EXERCISE PROMPT –
The answer consists of the lines from the line holding "Modular UPS Vertiv" through the last line of the entries, retyped exactly, and nothing else. No pictures belong in it.

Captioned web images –
☆ ☆ ☆
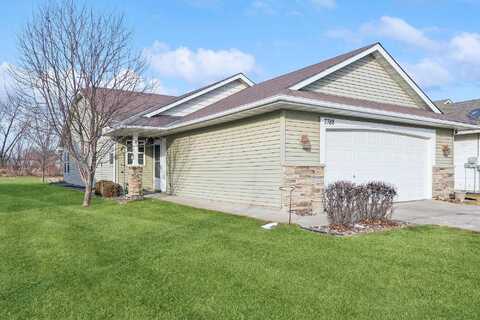 Kahler, ALBERTVILLE, MN 55301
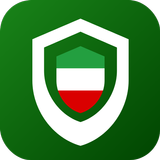 IRAN e Azad VPN فیلترشکن APK
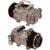 Upgrade Your Auto | HVAC Parts and Accessories | Universal | CRSHA00533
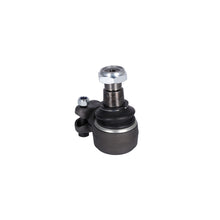 Load image into Gallery viewer, Rear Angle Ball Joint Fits MAN TGA TGS TGX OE 81.95301.6357 Febi 179225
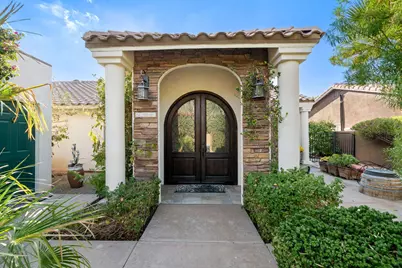 51295 Calle Quito, La Quinta, CA 92253 - Photo 6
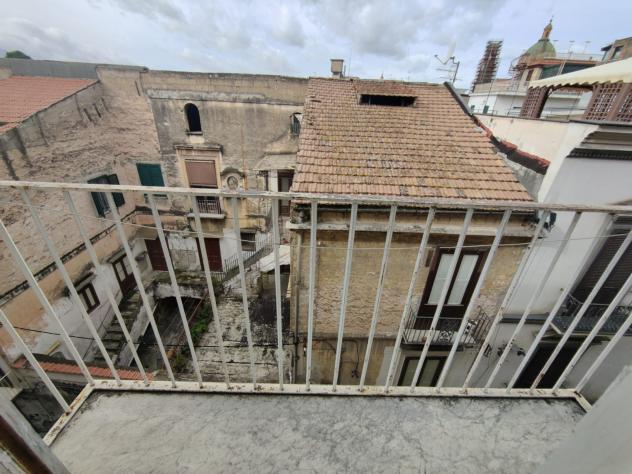 Appartamento in Via Luigi Tansillo - Foto 15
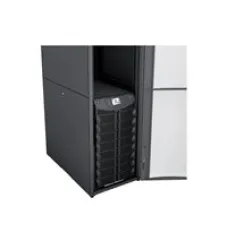 Vertiv Liebert APS 10kVA Scalable to 15kVA N+1 208V Single Phase Modular UPS Vertiv Liebert APS 10kVA Scalable to 15kVA N+1 208V Single Phase Modular UPS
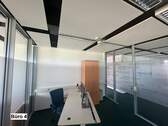 Büro 4 - Büro zur Miete in Leipzig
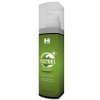  Orgasm Control+ Gel 100ml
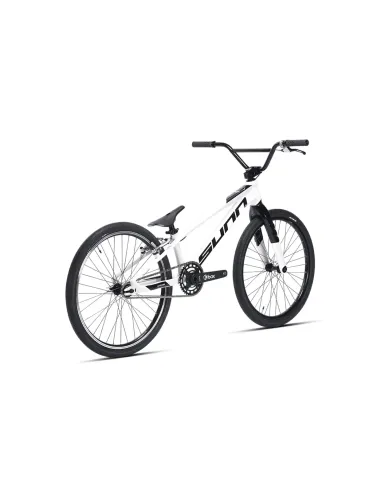 Sunn Royal Finest Cruiser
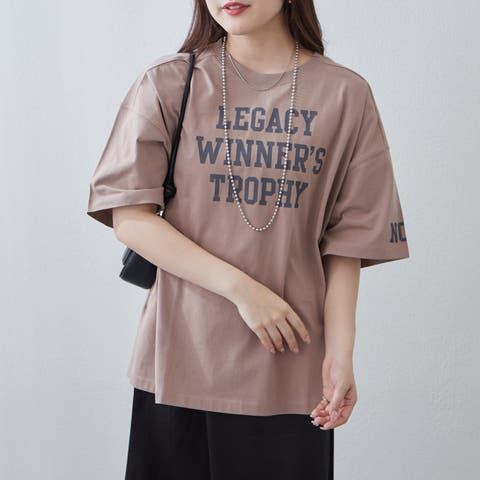 NICE CLAUP / OLIVE des OLIVE　OUTLET | NCLW0015668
☆ ☆ ☆
SOLUTION TO THE PROBLEM –
 Vertiv Liebert APS 10kVA Scalable to 15kVA N+1 208V Single Phase Modular UPS Vertiv Liebert APS 10kVA Scalable to 15kVA N+1 208V Single Phase Modular UPS
 Büro 4 - Büro zur Miete in Leipzig
  Orgasm Control+ Gel 100ml
 Sunn Royal Finest Cruiser
 NICE CLAUP / OLIVE des OLIVE　OUTLET | NCLW0015668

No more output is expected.